◆ DATA ◆
++++

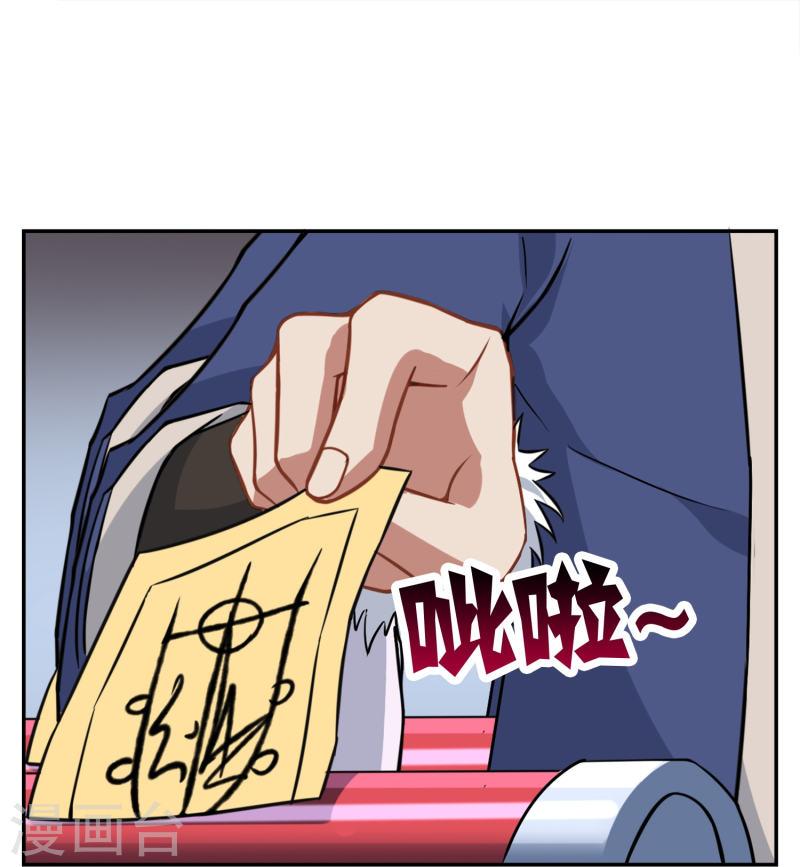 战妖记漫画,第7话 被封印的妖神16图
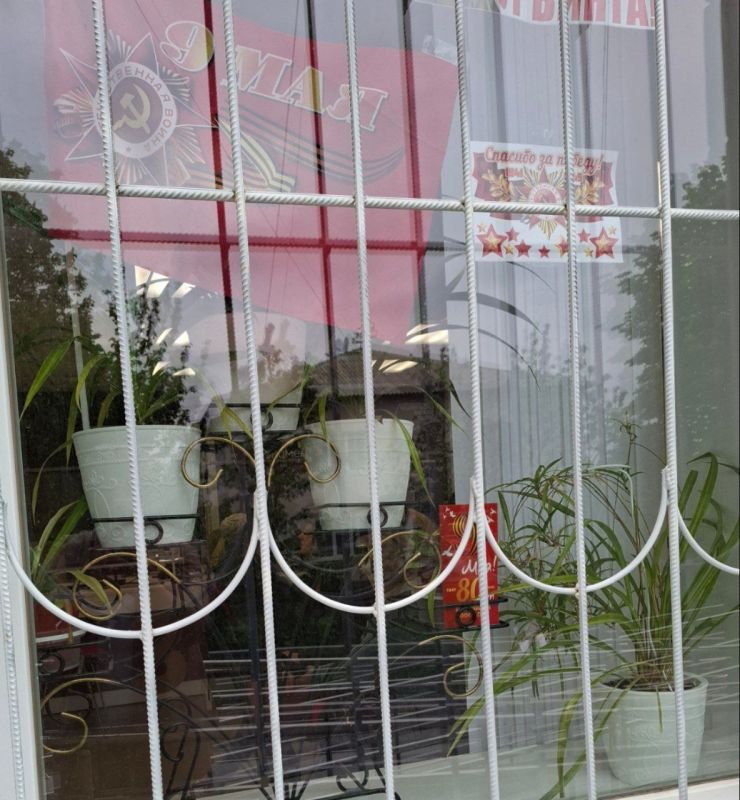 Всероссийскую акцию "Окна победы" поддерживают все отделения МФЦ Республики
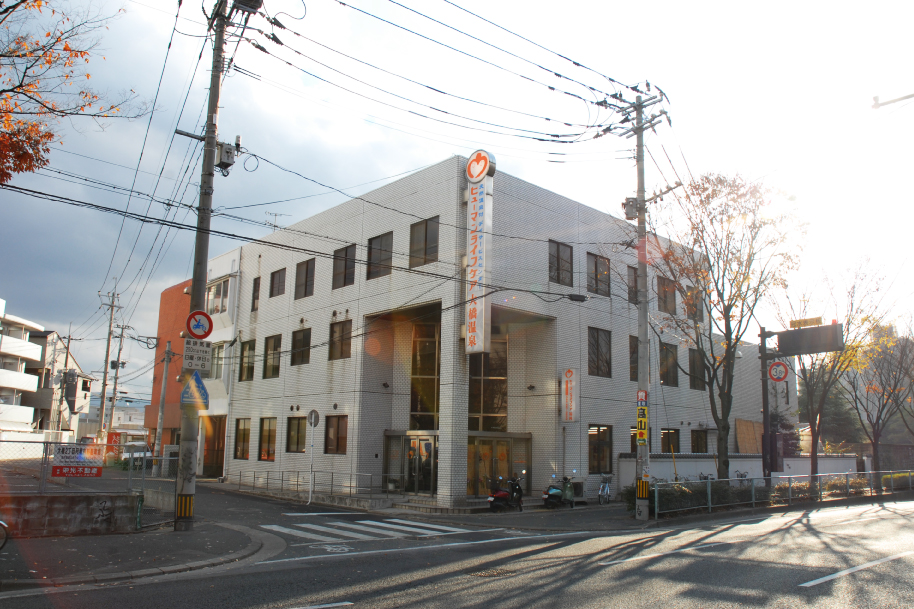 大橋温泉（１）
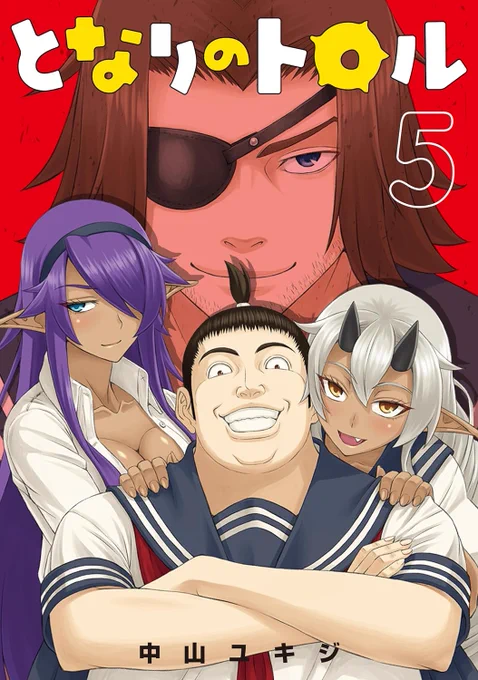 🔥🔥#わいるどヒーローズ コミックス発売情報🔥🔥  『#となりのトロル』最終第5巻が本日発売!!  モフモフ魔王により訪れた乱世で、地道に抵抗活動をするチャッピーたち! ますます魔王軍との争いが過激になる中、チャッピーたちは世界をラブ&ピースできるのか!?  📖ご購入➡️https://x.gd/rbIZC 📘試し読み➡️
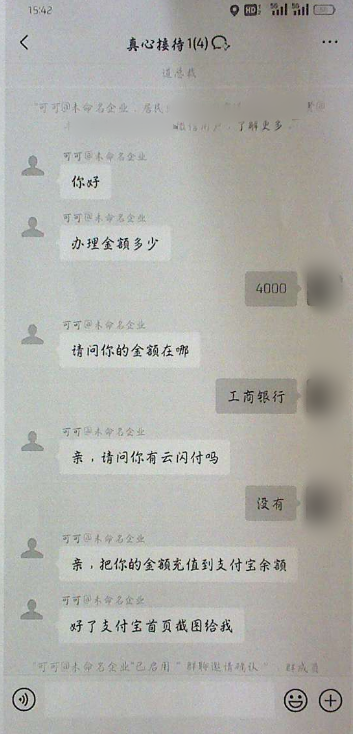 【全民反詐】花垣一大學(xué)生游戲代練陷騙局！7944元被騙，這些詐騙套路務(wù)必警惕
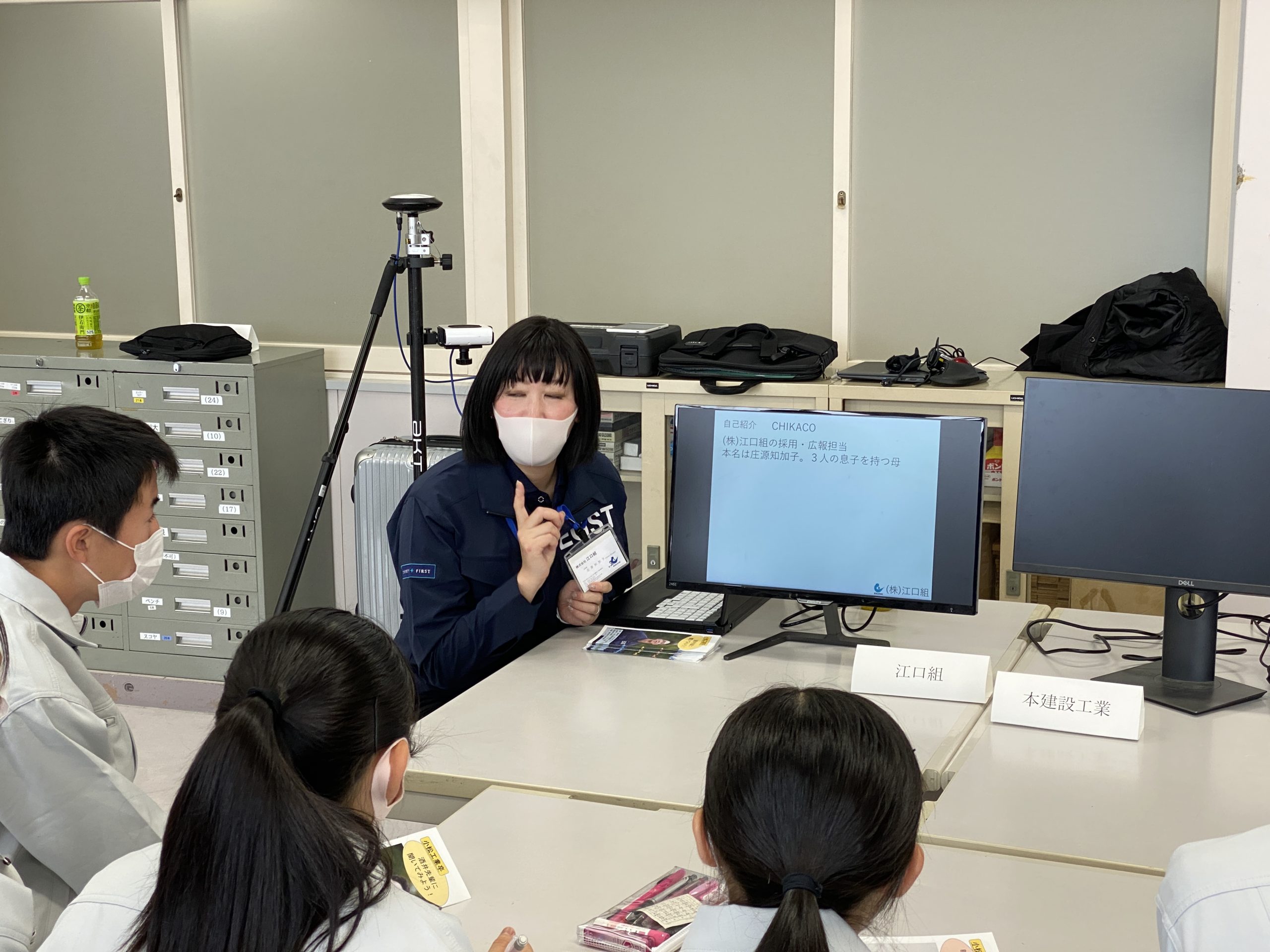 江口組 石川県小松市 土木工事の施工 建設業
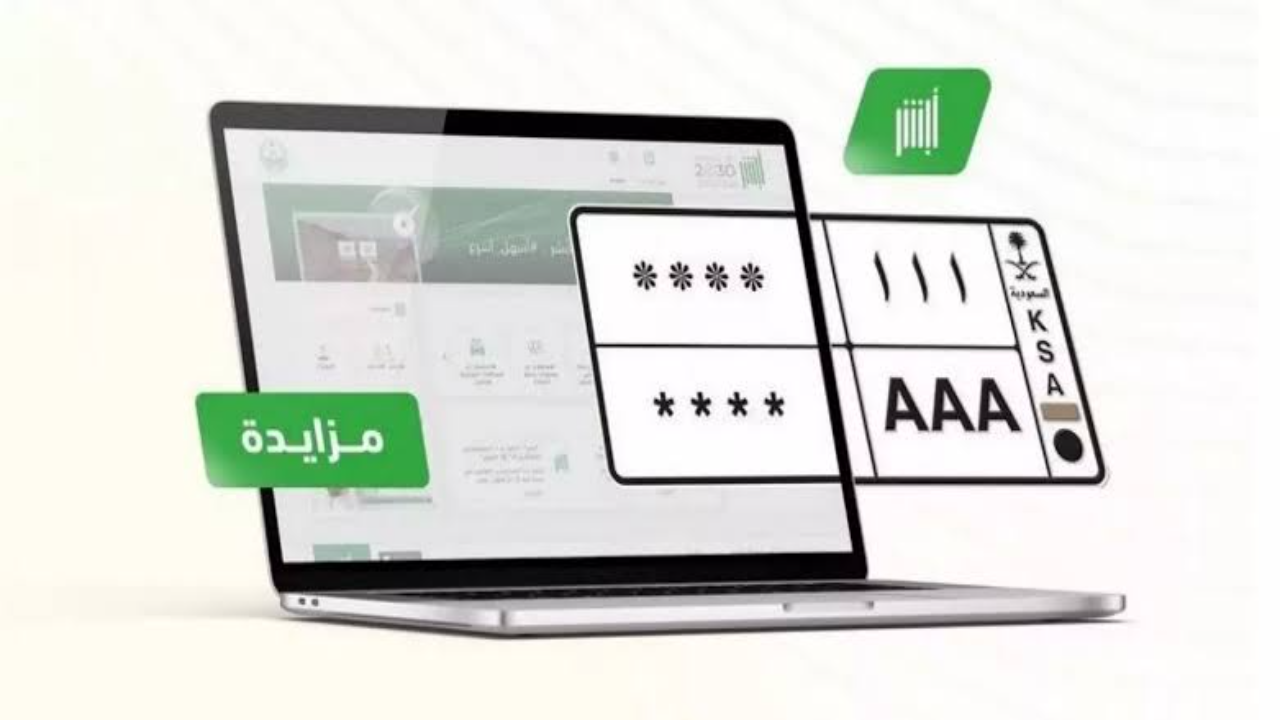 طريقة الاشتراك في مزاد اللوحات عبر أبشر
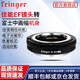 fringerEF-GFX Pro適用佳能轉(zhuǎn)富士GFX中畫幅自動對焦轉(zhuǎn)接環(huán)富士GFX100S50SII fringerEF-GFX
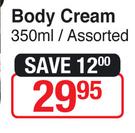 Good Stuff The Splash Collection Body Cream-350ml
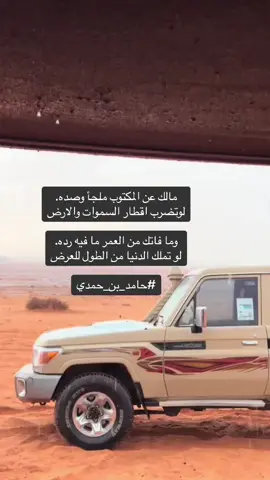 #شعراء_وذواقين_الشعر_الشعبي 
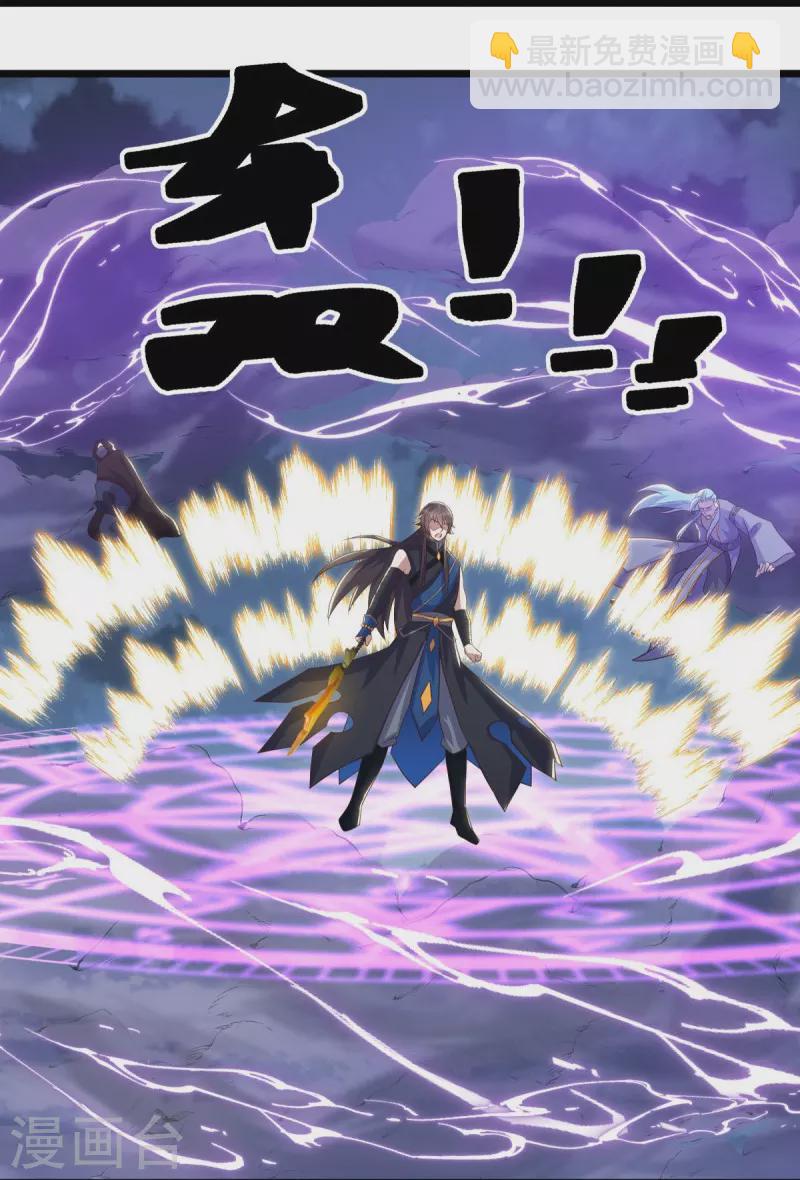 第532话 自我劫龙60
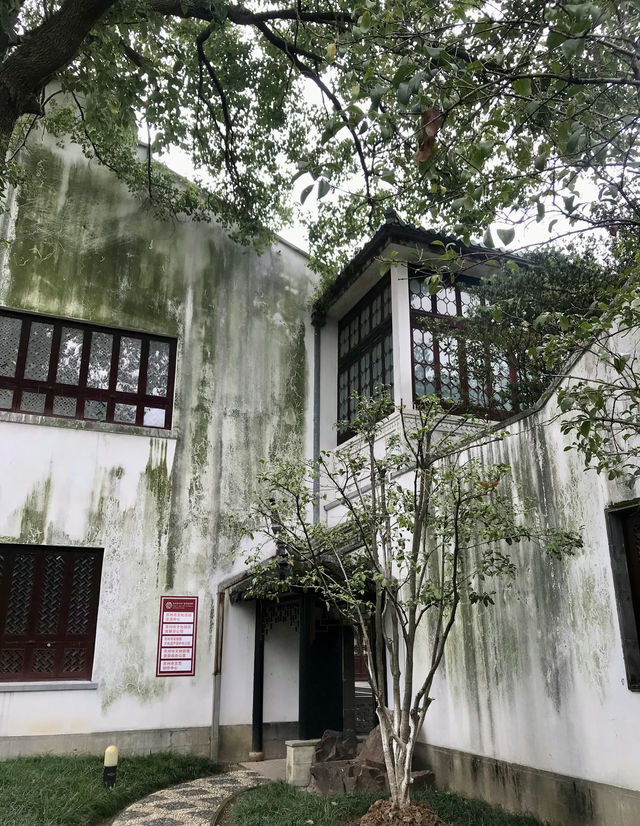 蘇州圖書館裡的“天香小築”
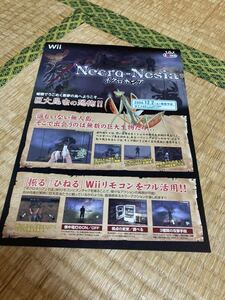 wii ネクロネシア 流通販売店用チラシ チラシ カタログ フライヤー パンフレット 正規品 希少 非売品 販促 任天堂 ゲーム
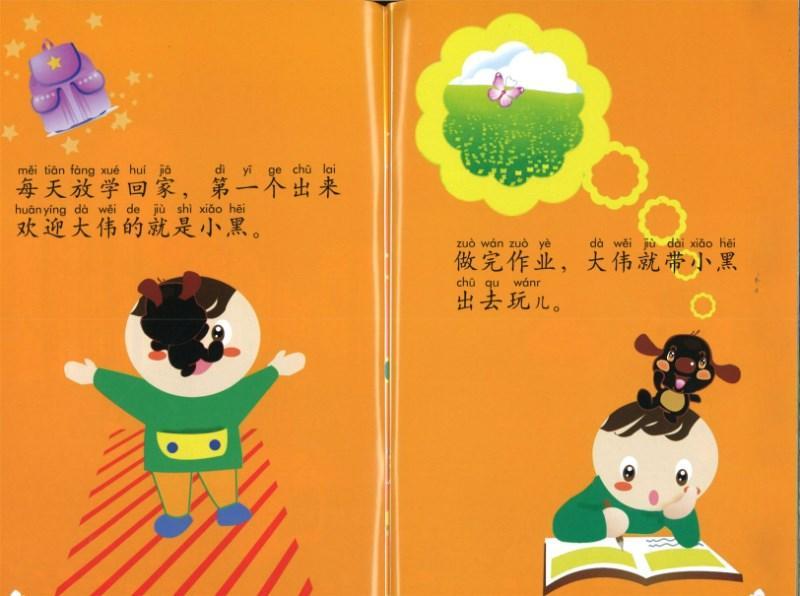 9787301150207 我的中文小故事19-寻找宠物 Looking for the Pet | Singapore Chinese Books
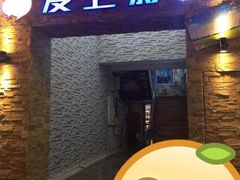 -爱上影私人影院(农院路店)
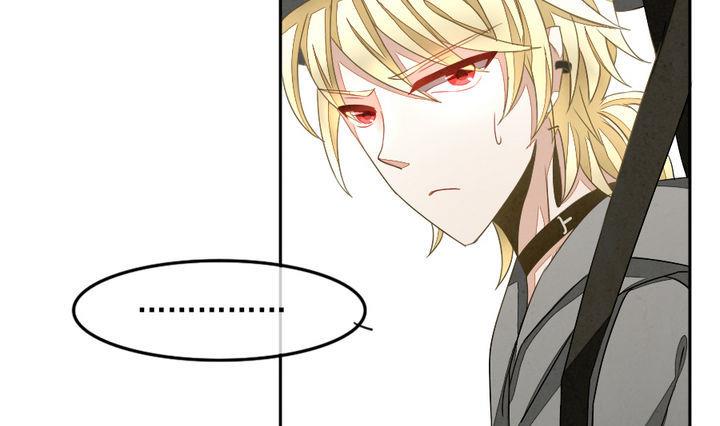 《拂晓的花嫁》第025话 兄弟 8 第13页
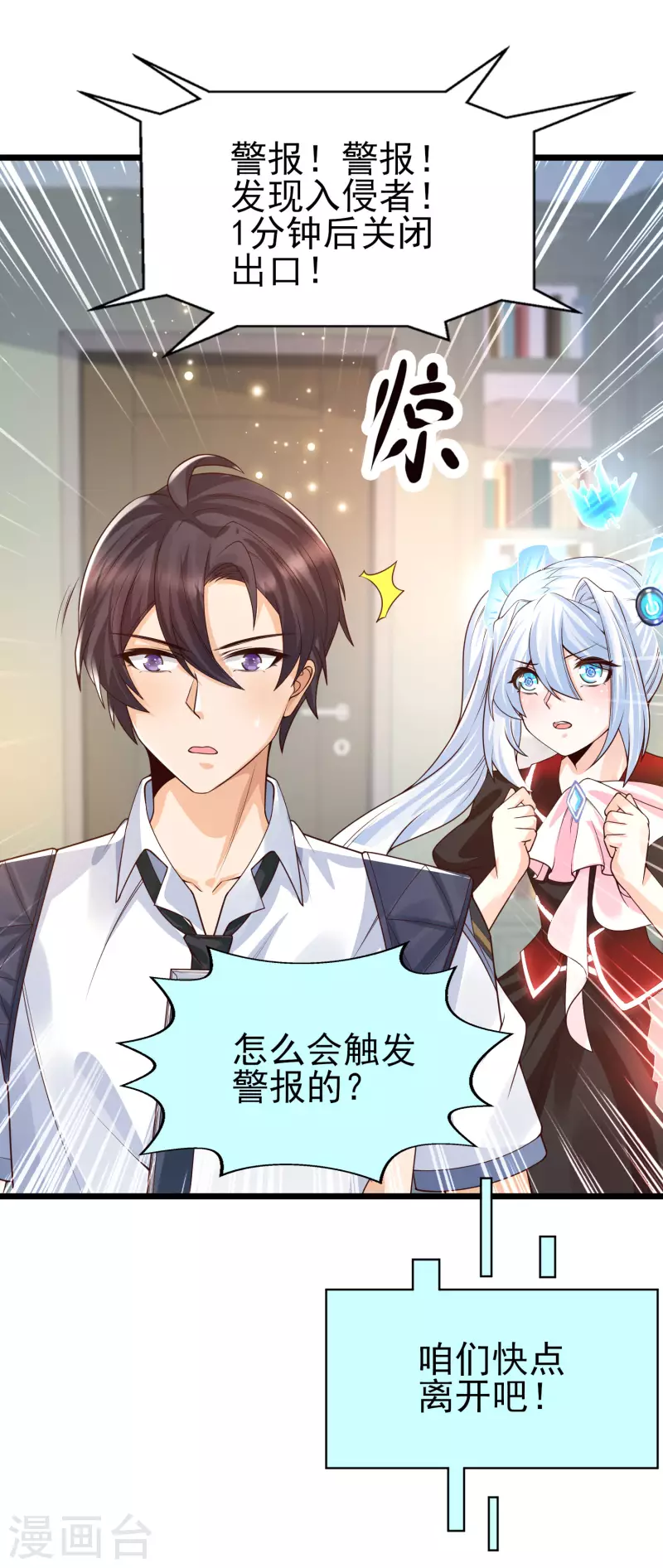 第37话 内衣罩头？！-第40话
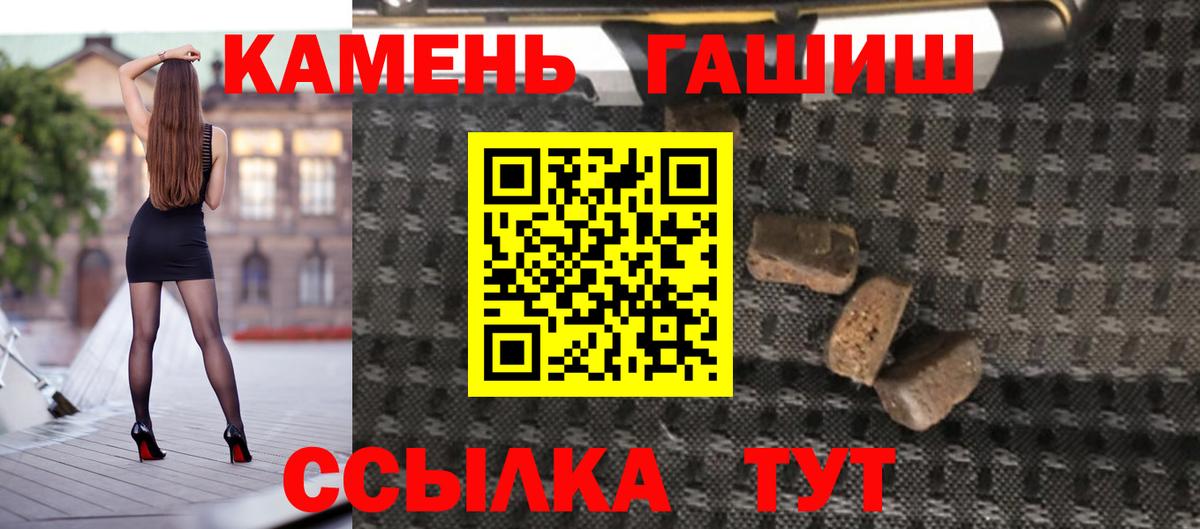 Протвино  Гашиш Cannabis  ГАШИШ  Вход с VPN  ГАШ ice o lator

++++

◆ WORK REQUEST ◆
Return every record exactly. Pictures stay out.

◆ WRITTEN ANSWER ◆
 战妖记漫画,第7话 被封印的妖神16图
 Всероссийскую акцию "Окна победы" поддерживают все отделения МФЦ Республики
 大橋温泉（１）
 🔥🔥#わいるどヒーローズ コミックス発売情報🔥🔥  『#となりのトロル』最終第5巻が本日発売!!  モフモフ魔王により訪れた乱世で、地道に抵抗活動をするチャッピーたち! ますます魔王軍との争いが過激になる中、チャッピーたちは世界をラブ&ピースできるのか!?  📖ご購入➡️https://x.gd/rbIZC 📘試し読み➡️
 【全民反詐】花垣一大學(xué)生游戲代練陷騙局！7944元被騙，這些詐騙套路務(wù)必警惕
 江口組 石川県小松市 土木工事の施工 建設業
 طريقة الاشتراك في مزاد اللوحات عبر أبشر
 fringerEF-GFX Pro適用佳能轉(zhuǎn)富士GFX中畫幅自動對焦轉(zhuǎn)接環(huán)富士GFX100S50SII fringerEF-GFX
 Good Stuff The Splash Collection Body Cream-350ml
 #شعراء_وذواقين_الشعر_الشعبي 
 第532话 自我劫龙60
 蘇州圖書館裡的“天香小築”
 wii ネクロネシア 流通販売店用チラシ チラシ カタログ フライヤー パンフレット 正規品 希少 非売品 販促 任天堂 ゲーム
 9787301150207 我的中文小故事19-寻找宠物 Looking for the Pet | Singapore Chinese Books
 -爱上影私人影院(农院路店)
 《拂晓的花嫁》第025话 兄弟 8 第13页
 第37话 内衣罩头？！-第40话
 Протвино  Гашиш Cannabis  ГАШИШ  Вход с VPN  ГАШ ice o lator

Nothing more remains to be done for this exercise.